- **Problem**: Output each entry below as it stands, leaving out every picture.

Web page caption snippets
++++++++++++++++++++

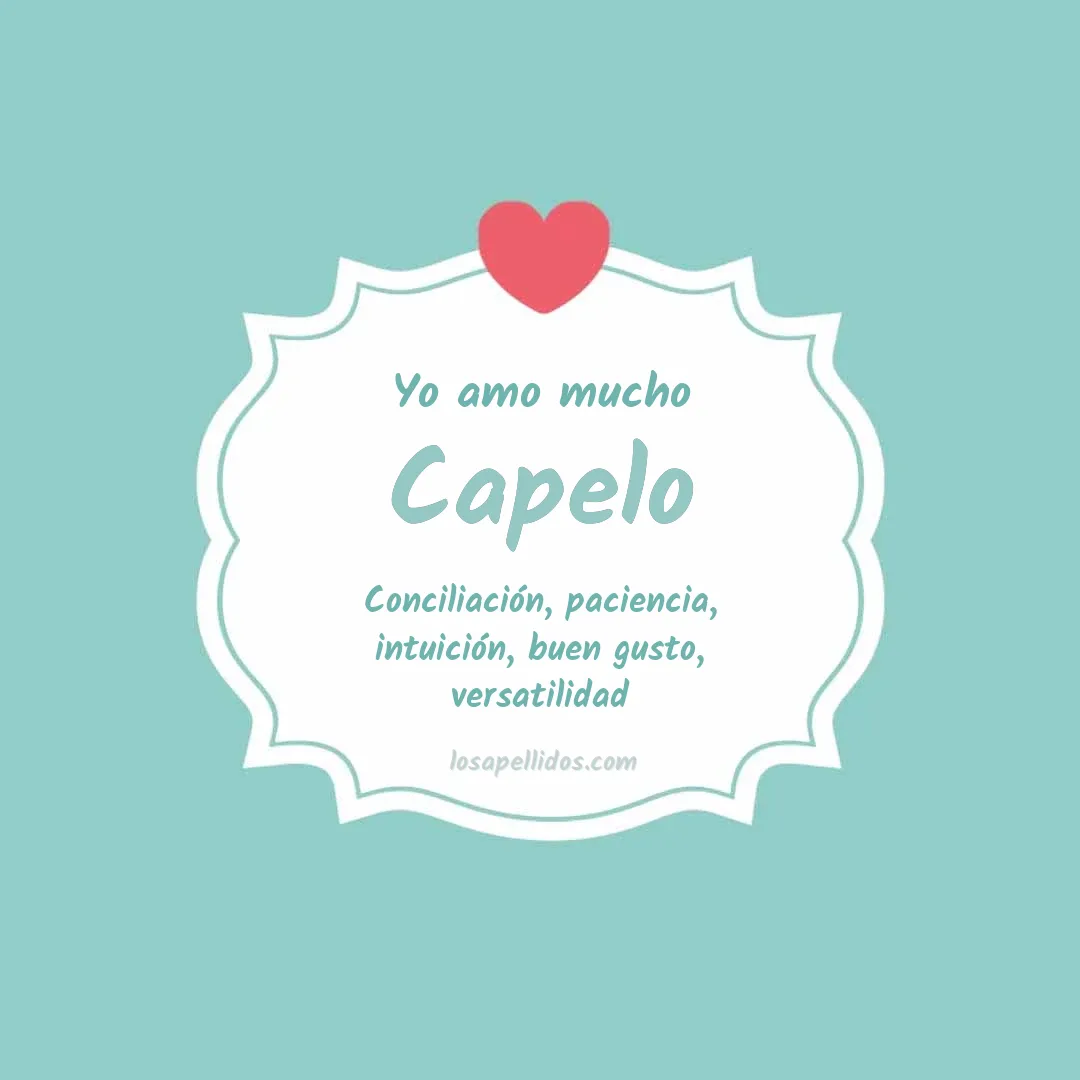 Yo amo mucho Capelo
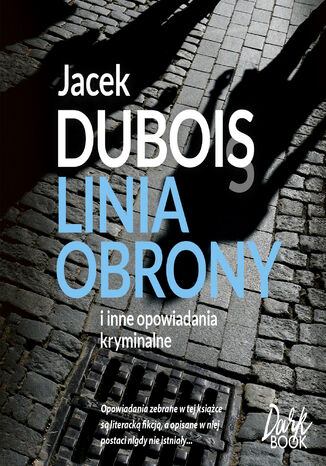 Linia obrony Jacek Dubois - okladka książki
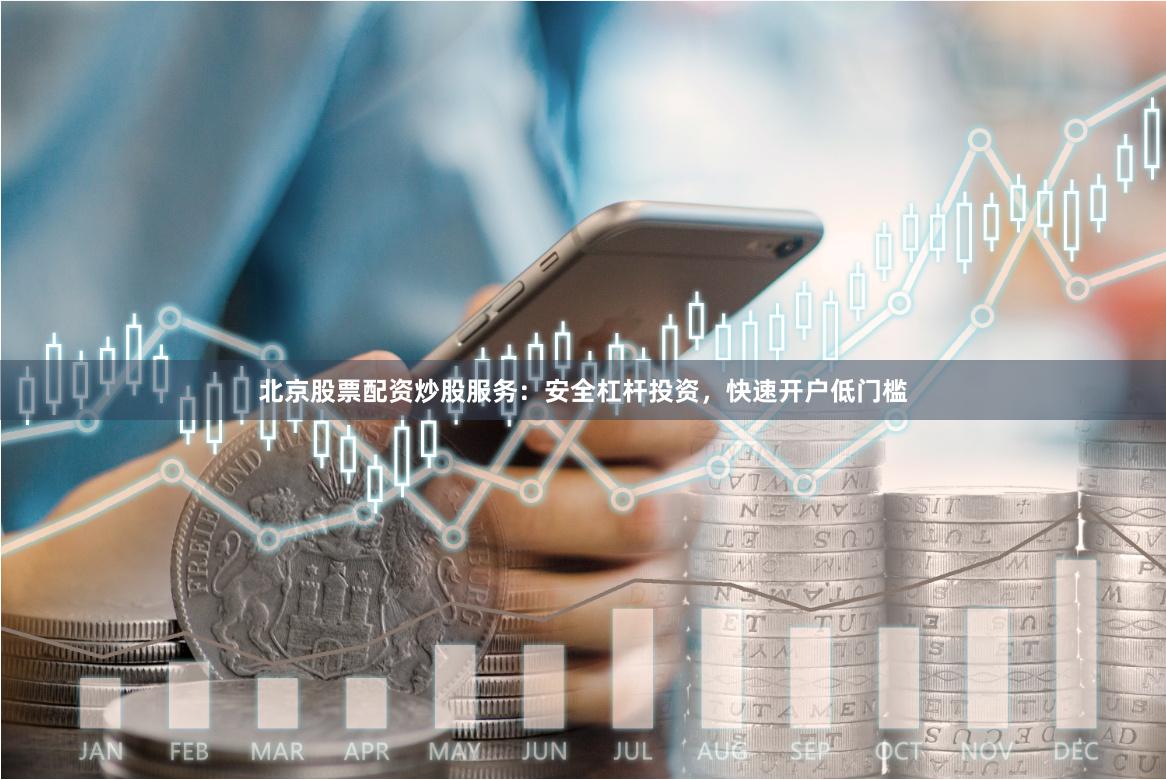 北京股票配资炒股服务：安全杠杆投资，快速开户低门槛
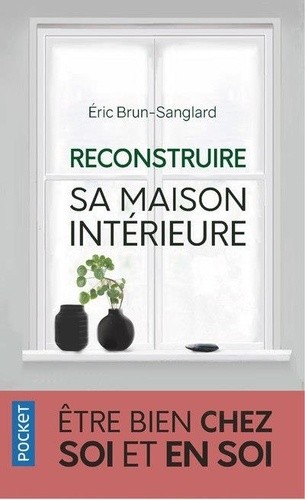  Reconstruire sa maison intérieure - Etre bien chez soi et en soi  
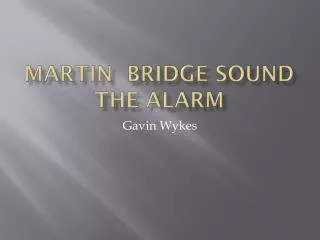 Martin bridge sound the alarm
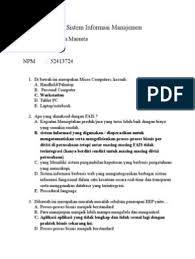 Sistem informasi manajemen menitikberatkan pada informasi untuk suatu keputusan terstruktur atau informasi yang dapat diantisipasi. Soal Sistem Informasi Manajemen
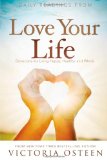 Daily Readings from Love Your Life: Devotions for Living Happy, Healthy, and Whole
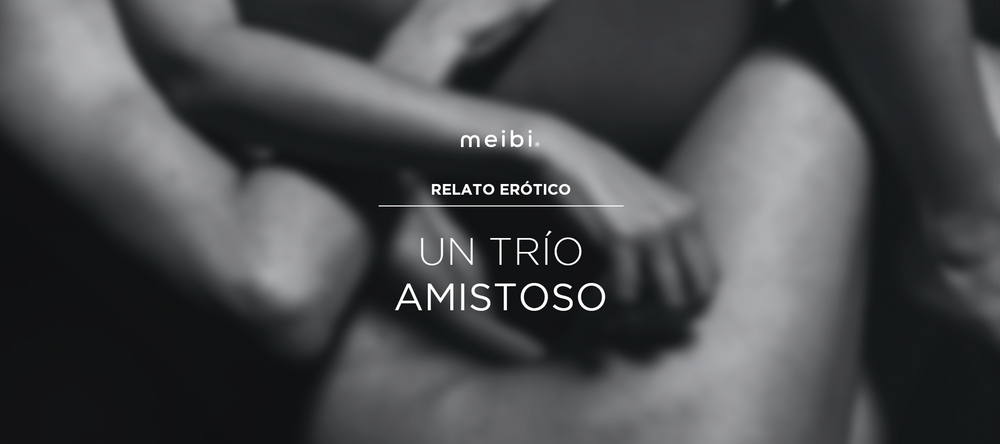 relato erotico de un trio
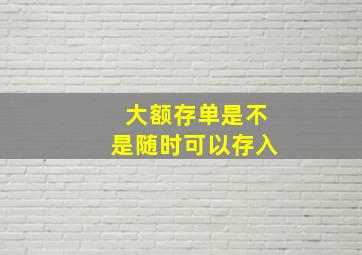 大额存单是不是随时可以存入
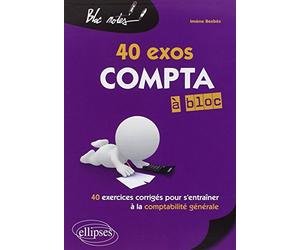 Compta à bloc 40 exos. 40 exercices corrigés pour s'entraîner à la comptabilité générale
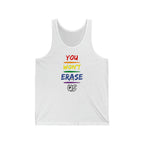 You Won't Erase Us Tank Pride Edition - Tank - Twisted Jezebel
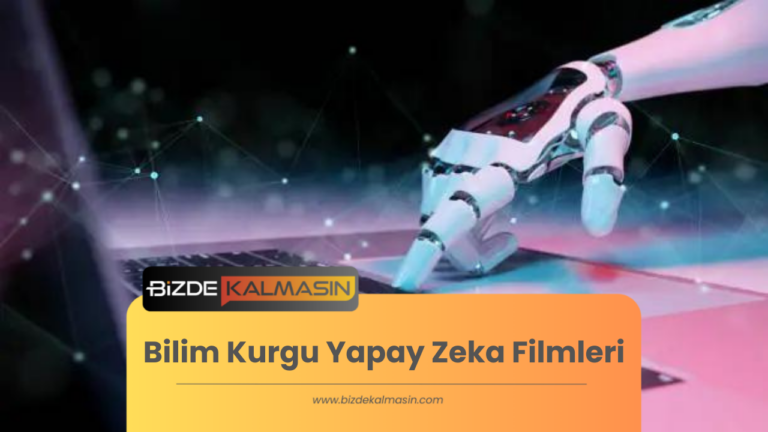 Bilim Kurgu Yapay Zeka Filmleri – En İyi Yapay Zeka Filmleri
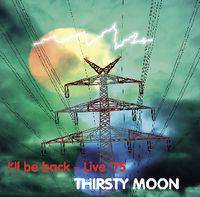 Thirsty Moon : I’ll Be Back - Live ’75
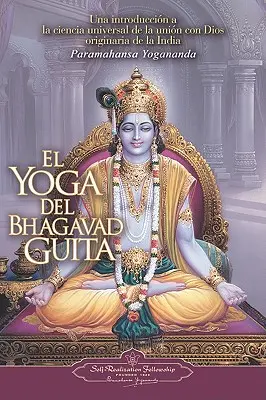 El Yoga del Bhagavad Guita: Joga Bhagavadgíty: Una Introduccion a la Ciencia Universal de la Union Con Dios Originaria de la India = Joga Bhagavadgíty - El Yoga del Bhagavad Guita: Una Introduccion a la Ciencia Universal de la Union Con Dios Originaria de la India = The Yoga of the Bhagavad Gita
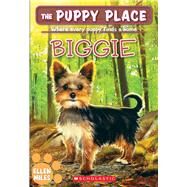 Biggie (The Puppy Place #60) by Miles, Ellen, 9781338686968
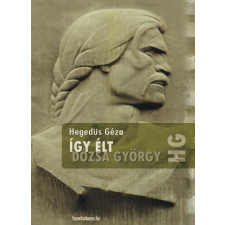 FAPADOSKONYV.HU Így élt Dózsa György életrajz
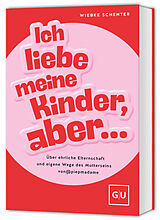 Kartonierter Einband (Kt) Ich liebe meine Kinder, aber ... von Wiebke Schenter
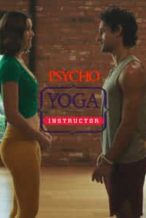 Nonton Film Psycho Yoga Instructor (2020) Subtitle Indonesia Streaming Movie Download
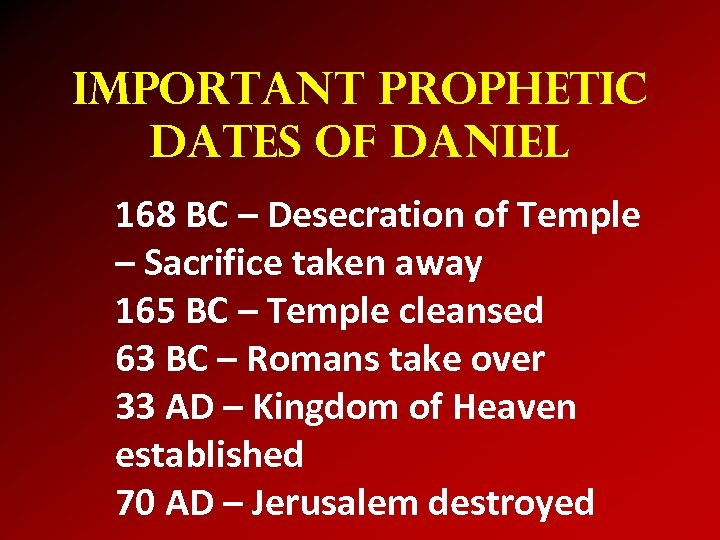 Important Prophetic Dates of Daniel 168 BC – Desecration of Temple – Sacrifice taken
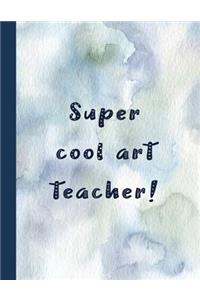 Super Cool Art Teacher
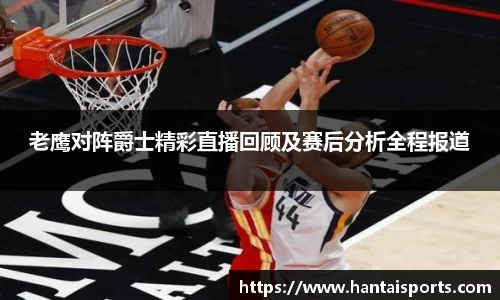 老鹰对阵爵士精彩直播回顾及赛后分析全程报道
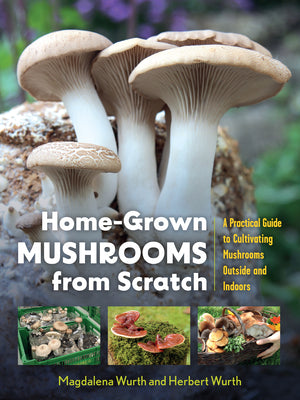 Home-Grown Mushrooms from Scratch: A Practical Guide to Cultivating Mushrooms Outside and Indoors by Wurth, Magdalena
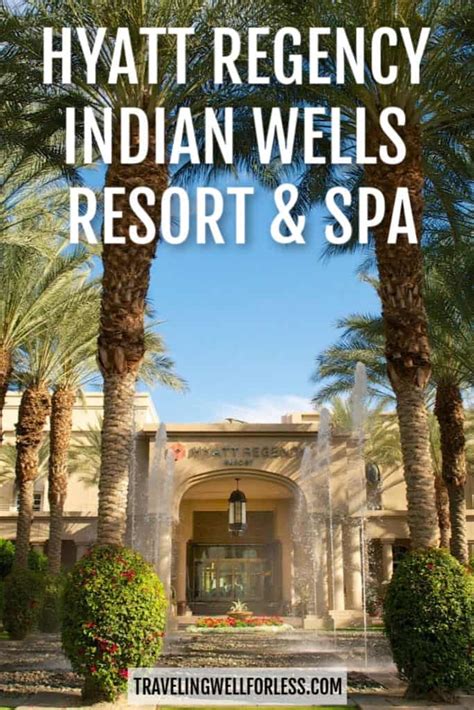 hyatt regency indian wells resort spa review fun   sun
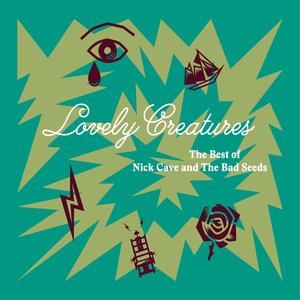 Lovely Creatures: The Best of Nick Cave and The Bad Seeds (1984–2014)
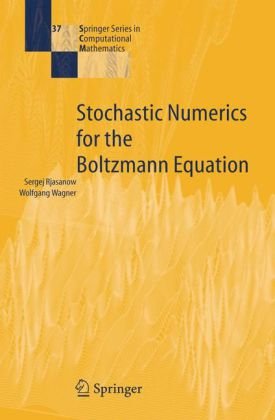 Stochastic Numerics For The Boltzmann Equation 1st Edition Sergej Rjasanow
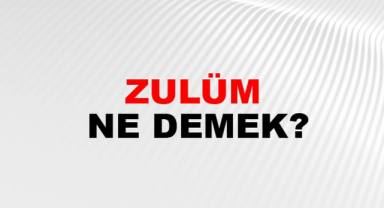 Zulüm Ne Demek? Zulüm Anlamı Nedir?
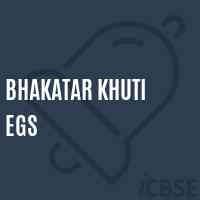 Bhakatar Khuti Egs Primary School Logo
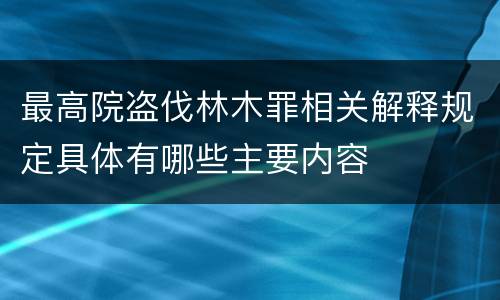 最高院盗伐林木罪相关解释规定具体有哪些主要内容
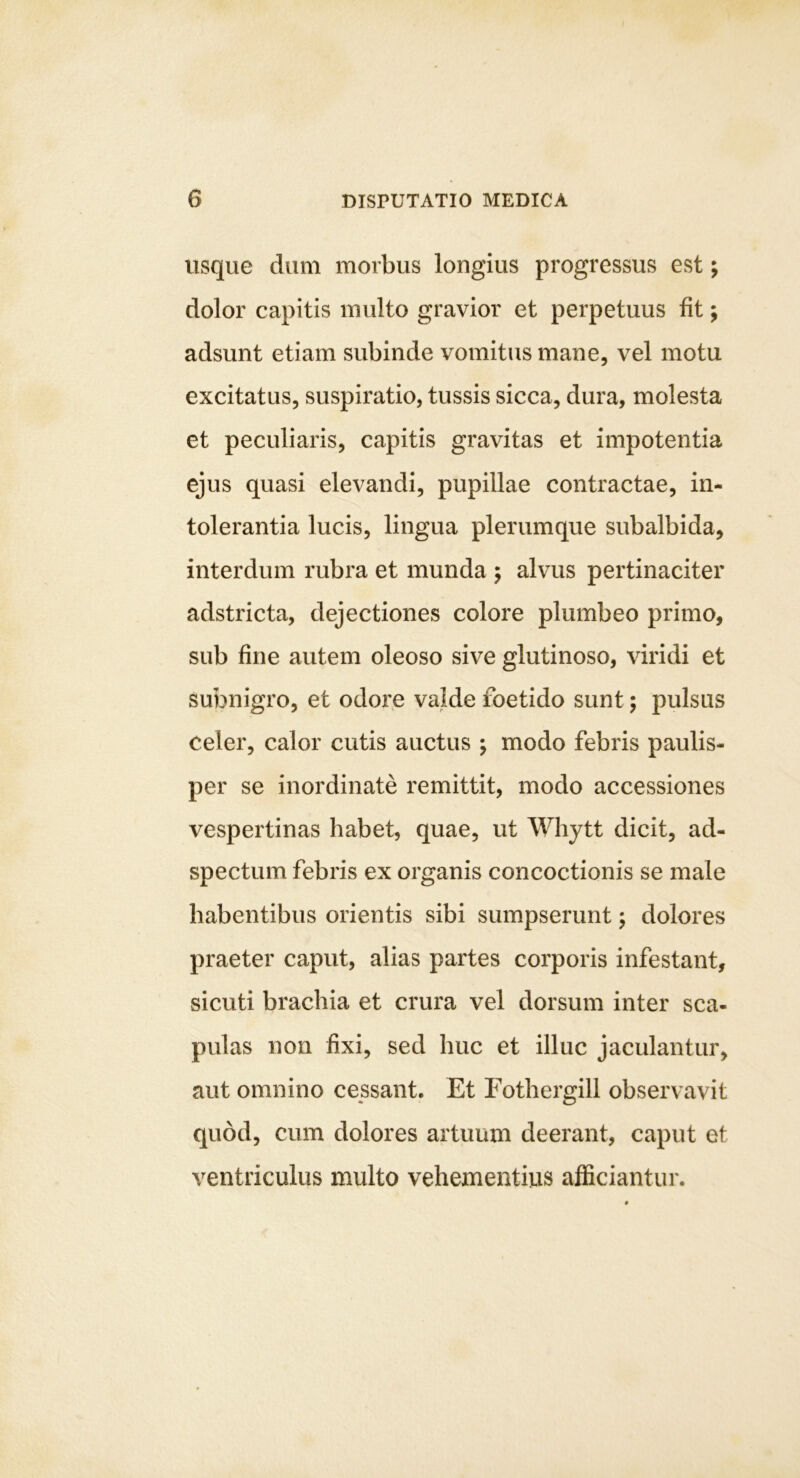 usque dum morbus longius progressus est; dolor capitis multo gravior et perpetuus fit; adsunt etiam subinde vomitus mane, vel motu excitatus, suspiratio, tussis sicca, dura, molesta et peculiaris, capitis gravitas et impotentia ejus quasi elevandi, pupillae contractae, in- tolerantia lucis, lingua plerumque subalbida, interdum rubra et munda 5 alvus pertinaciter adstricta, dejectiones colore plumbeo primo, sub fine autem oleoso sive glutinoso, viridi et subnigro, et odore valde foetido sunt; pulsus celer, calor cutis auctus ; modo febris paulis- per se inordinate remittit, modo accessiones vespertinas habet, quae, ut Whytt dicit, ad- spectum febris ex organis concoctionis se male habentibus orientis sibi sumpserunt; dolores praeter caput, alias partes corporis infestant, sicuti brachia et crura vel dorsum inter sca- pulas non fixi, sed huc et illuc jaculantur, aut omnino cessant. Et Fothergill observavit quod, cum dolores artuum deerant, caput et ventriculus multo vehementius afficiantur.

++++++++++++++++++++

- **Result of this task**:
 Yo amo mucho Capelo
 Linia obrony Jacek Dubois - okladka książki
 北京股票配资炒股服务：安全杠杆投资，快速开户低门槛
  Reconstruire sa maison intérieure - Etre bien chez soi et en soi  
 Martin bridge sound the alarm
 Sistem informasi manajemen menitikberatkan pada informasi untuk suatu keputusan terstruktur atau informasi yang dapat diantisipasi. Soal Sistem Informasi Manajemen
 Daily Readings from Love Your Life: Devotions for Living Happy, Healthy, and Whole
 relato erotico de un trio
 大额存单是不是随时可以存入
 Compta à bloc 40 exos. 40 exercices corrigés pour s'entraîner à la comptabilité générale
 You Won't Erase Us Tank Pride Edition - Tank - Twisted Jezebel
 Bilim Kurgu Yapay Zeka Filmleri – En İyi Yapay Zeka Filmleri
 Thirsty Moon : I’ll Be Back - Live ’75
 El Yoga del Bhagavad Guita: Joga Bhagavadgíty: Una Introduccion a la Ciencia Universal de la Union Con Dios Originaria de la India = Joga Bhagavadgíty - El Yoga del Bhagavad Guita: Una Introduccion a la Ciencia Universal de la Union Con Dios Originaria de la India = The Yoga of the Bhagavad Gita
 Biggie (The Puppy Place #60) by Miles, Ellen, 9781338686968
 FAPADOSKONYV.HU Így élt Dózsa György életrajz
 Kartonierter Einband (Kt) Ich liebe meine Kinder, aber ... von Wiebke Schenter
 Nonton Film Psycho Yoga Instructor (2020) Subtitle Indonesia Streaming Movie Download
 Important Prophetic Dates of Daniel 168 BC – Desecration of Temple – Sacrifice taken
 Super Cool Art Teacher
 老鹰对阵爵士精彩直播回顾及赛后分析全程报道
 Home-Grown Mushrooms from Scratch: A Practical Guide to Cultivating Mushrooms Outside and Indoors by Wurth, Magdalena
 hyatt regency indian wells resort spa review fun   sun
 Lovely Creatures: The Best of Nick Cave and The Bad Seeds (1984–2014)
 Stochastic Numerics For The Boltzmann Equation 1st Edition Sergej Rjasanow
 Zulüm Ne Demek? Zulüm Anlamı Nedir?
 Bhakatar Khuti Egs Primary School Logo
 最高院盗伐林木罪相关解释规定具体有哪些主要内容
 usque dum morbus longius progressus est; dolor capitis multo gravior et perpetuus fit; adsunt etiam subinde vomitus mane, vel motu excitatus, suspiratio, tussis sicca, dura, molesta et peculiaris, capitis gravitas et impotentia ejus quasi elevandi, pupillae contractae, in- tolerantia lucis, lingua plerumque subalbida, interdum rubra et munda 5 alvus pertinaciter adstricta, dejectiones colore plumbeo primo, sub fine autem oleoso sive glutinoso, viridi et subnigro, et odore valde foetido sunt; pulsus celer, calor cutis auctus ; modo febris paulis- per se inordinate remittit, modo accessiones vespertinas habet, quae, ut Whytt dicit, ad- spectum febris ex organis concoctionis se male habentibus orientis sibi sumpserunt; dolores praeter caput, alias partes corporis infestant, sicuti brachia et crura vel dorsum inter sca- pulas non fixi, sed huc et illuc jaculantur, aut omnino cessant. Et Fothergill observavit quod, cum dolores artuum deerant, caput et ventriculus multo vehementius afficiantur.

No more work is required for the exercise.